2. Determined in this case that there is no valid basis for a limitation of six inches on the height of a fence to enclose a used car lot, nor for the mandatory setback in all instances, imposed by ordinance.
3. Any rules affecting licenses under a municipal ordinance must themselves be adopted by ordinance, and not by resolution.
On appeal from the Supreme Court.
For the defendants-appellants, R. Sery Nicosia ( Dominick F. Pachella, of counsel).
For the prosecutors-respondents, Hein Smith.
This appeal is from a judgment, on certiorari, setting aside an ordinance of the Borough of East Paterson "to license and regulate the business of selling or storing for sale any used or new motor vehicles on vacant lots."

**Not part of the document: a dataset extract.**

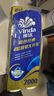 维达（Vinda）有芯卷纸 蓝色经典4层200克*10卷 厚韧大分量 卫生纸厕纸 卷筒纸 实拍图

The court below set aside the ordinance on the ground, inter alia, that "it is unreasonable, arbitrary and discriminatory. No license fee is imposed upon one who would sell used motor vehicles from a garage, yet one who sells them from a vacant lot must pay a license fee." We do not believe that the unreasonableness of the ordinance rests solely on such ground. The Supreme Court in two recent cases, Chaiet v. East Orange, 136 N.J.L. 375, and Ring v. North Arlington, 136 Id. 494, determined that a municipality may, pursuant to the authority granted by R.S. 40:52-1 and 2, adopt an ordinance providing for licensing and regulating the sale of used automobiles on vacant lots. As Mr. Justice Heher said in the latter case, "The ordinance constitutes the exercise of both the regulatory and revenue functions delegated by the statute cited supra. The statute empowers the municipality to levy license or privilege taxes or excises for revenue and also for regulation under the police power in the interest of the public health, safety and general welfare; but there cannot be an arbitrary exertion of the power." We adopt the views expressed in these opinions as declarative of the general power of municipalities to regulate the business of selling used cars from vacant lots.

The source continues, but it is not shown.